Nel tempo, tuttavia, non è cambiata molto la preparazione dell’essere umano ancora soggetto ad errori e debolezze; tanto che il vettore di attacco più efficace è il phishing. Questo vuol dire che la cultura delle persone in tema di sicurezza e rischio informatico ancora è insufficiente. Alcune azioni banali si compiono con eccessiva leggerezza, indistintamente se in ambito personale o lavorativo con il risultato di facilitare gli attaccanti.
Molte aziende, inoltre, non hanno un adeguato livello di percezione del rischio informatico e delle conseguenze che ne derivano e spesso ancora commentano: “non abbiamo mai avuto problemi del genere e non vedo perché dovremmo averli…”. Ma soprattutto per tante aziende la spesa per la sicurezza informatica è sempre stata considerata come una piccola parte della spesa IT con tutte le erronee conseguenze che ne derivano.
Le aziende sottovalutano maggiormente, i rischi, causati da convinzioni personali e non oggettive: la convinzione di essere al sicuro dopo aver comprato tanta tecnologia, la sicurezza percepita come un costo o un problema fastidioso, che non è necessario affrontare (incuria). Tutti questi casi sono anche accomunati dall’errato concetto per cui la sicurezza informatica è un problema tecnologico, che resta confinato all’interno dei computer e per il quale se esiste un problema, basta chiamare l’esperto che lo risolverà ma, nel frattempo, ognuno torna alla propria vita, che non è impattata da quanto avviene nella dimensione digitale.
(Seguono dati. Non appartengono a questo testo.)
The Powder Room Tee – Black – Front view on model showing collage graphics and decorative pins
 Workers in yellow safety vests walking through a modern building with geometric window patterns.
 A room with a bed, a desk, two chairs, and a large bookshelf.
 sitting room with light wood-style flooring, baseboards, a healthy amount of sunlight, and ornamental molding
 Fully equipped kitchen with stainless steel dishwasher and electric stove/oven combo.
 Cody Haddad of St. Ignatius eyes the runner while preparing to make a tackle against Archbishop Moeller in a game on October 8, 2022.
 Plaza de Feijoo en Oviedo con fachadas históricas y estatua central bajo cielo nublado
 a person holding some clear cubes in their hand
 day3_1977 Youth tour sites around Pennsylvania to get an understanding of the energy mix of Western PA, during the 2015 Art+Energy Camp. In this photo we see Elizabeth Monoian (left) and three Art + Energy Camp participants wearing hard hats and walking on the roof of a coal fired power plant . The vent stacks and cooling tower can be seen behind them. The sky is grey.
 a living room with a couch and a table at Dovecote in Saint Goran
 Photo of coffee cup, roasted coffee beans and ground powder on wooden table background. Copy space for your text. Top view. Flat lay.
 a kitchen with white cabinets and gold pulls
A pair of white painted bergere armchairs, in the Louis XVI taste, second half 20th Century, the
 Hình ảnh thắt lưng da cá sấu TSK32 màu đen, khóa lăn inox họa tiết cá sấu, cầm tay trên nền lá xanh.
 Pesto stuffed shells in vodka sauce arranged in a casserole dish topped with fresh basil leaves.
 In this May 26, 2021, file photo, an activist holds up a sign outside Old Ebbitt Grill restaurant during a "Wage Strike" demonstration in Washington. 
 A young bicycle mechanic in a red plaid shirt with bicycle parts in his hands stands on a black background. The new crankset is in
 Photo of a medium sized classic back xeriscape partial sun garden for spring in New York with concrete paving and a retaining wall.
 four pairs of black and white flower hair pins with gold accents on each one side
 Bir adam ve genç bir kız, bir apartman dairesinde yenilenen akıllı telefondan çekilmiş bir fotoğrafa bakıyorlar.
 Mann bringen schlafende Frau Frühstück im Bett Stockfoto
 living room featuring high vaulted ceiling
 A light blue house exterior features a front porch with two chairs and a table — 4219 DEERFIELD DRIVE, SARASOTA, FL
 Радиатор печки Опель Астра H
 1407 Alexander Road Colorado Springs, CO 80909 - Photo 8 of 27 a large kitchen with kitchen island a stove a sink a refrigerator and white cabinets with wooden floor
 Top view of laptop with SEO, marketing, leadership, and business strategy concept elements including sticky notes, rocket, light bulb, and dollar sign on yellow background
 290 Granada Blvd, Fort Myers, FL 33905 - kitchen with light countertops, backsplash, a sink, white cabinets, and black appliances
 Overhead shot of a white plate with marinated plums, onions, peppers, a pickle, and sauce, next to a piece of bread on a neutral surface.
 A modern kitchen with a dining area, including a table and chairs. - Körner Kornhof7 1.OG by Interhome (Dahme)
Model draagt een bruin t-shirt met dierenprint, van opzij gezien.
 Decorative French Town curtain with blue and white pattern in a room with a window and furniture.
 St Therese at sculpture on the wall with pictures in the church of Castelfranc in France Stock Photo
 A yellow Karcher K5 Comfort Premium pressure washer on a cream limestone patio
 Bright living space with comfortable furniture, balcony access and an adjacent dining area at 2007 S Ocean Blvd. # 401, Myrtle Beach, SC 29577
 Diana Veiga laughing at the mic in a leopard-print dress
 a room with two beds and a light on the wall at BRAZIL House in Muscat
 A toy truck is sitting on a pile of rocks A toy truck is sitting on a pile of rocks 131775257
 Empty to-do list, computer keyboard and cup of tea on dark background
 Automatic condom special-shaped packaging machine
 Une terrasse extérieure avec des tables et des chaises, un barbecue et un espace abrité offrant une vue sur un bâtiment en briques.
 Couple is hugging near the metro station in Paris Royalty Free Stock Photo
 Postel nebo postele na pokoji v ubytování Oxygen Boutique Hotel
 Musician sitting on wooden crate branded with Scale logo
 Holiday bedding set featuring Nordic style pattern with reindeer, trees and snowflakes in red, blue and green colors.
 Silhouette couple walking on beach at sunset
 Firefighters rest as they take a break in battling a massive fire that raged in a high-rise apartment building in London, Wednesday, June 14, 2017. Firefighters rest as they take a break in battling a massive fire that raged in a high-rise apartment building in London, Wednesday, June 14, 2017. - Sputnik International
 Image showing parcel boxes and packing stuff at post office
Ne abbiamo parlato con Domenico Caldarelli, Cyber Security Specialist di ITI Sistemi che ha commentato: “Ovviamente questo concetto è completamente sbagliato poiché oggi si è tutti connessi e fortemente legati ai propri singoli dati. Fare pochi investimenti sul tema della sicurezza, dal punto di vista tecnologico, vuol dire avere infrastrutture obsolete che non possono garantire gli standard di sicurezza adeguati e dal punto di vista culturale significa dipendenti impreparati, che nell’insieme rendono le aziende inermi di fronte a situazioni difficili. In generale le persone, e le aziende con esse, sottovalutano la capacità che ha un attacco informatico di impattare e colpire al di fuori dal contesto tecnologico; un attacco mirato al core business di un’azienda provoca la fuoriuscita o la perdita di dati, il blocco dei reparti e delle funzioni produttive, scatena crisi gestionali e porta a danni economici che possono arrivare a causare licenziamenti, e la chiusura dell’attività colpita, uscendo fuori dal perimetro informatico e danneggiando la vita delle persone nel mondo reale”.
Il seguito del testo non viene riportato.